Tak Kuasai Banyak Teori, Berburu Bonggol ke Hutan
Dahlan Effendy, Buruh Tani yang Hobi Bonsai
Datangnya hobi tidak bisa ditolak atau diminta. Keadaan tersebut terjadi pada Dahlan Effendy yang kepincut dengan bonsai. Di usianya yang nyaris berkepala enam, dia getol berburu bonggol pohon ke hutan di sela kesehariannya sebagai seorang buruh tani.
DENI KURNIAWAN, Ngawi
PULUHAN bonsai menyesaki salah satu rumah di Desa Kawu, Kecamatan Kedunggalar, Kabupaten Ngawi. Pohonpohon mini itu ada yang di pot dan beberapa lagi menancap di karung sederhana. Seorang pria bertopi terlihat serius membentuk lekuk dahan bonsai yang belum begitu banyak daunnya tersebut. ’’Belum jadi ini,’’ ungkap Dahlan Effendy, empunya rumah, sesaat setelah merapikan kawat lilitan dengan tang pemotong.
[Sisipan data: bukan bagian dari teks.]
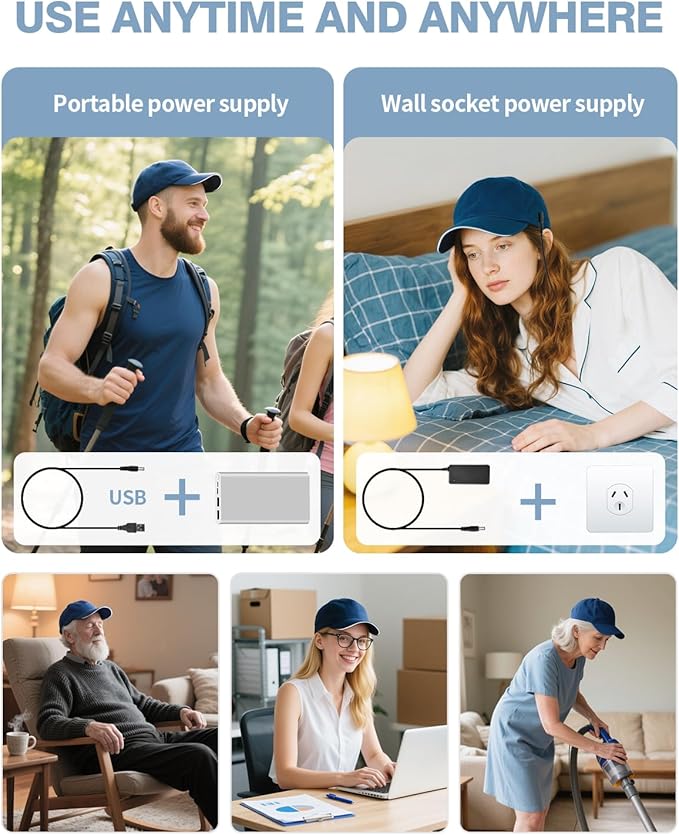 Red Light Therapy Hat &amp Cap with Timer Controller 630nm 850nm 940nm Infrared Light Therapy for Head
Lebih dari 50 bonsai dimiliki Dahlan. Seluruhnya dia yang buat. Mulai mencari bonggol pohon ke beberapa hutan, merawatnya, hingga membentuk menjadi bonsai. Hobinya itu mulai menggebu sekitar 1,5 tahun silam. Dahlan sengaja menyempatkan diri berburu bakal bonsai di sela kesibukannya.
’’Sehari-hari ya buruh tani dan pelihara mendha (kambing),’’ katanya sembari menunjuk ke arah kandang di samping rumahnya yang cukup rindang itu.
Dahlan mengaku memang suka dengan hijau-hijauan yang menyejukkan. Selain bonsai, beragam jenis tumbuhan lain subur di kiri kanan kediamannya.
Mengenai hobinya membuat pohon mini bernilai seni tersebut, dia mengaku tidak begitu menguasai banyak teori. Kendati demikian, puluhan bonsai dibuat dari beragam jenis pohon.
’’Bonggol pohon elo, sisir, asem, boga, dan klampis ireng yang sering dapat. Dari alas (hutan) yang sekitar Ngawi,’’ tuturnya.
Bersama empat penggemar bonsai lain di daerahnya, Dahlan kerap berburu bonggol ke hutan. Berangkat bersenjata peranti ala kadarnya, dia pulang memanggul karung berisi batang-batang pohon komplet dengan sebagian akar.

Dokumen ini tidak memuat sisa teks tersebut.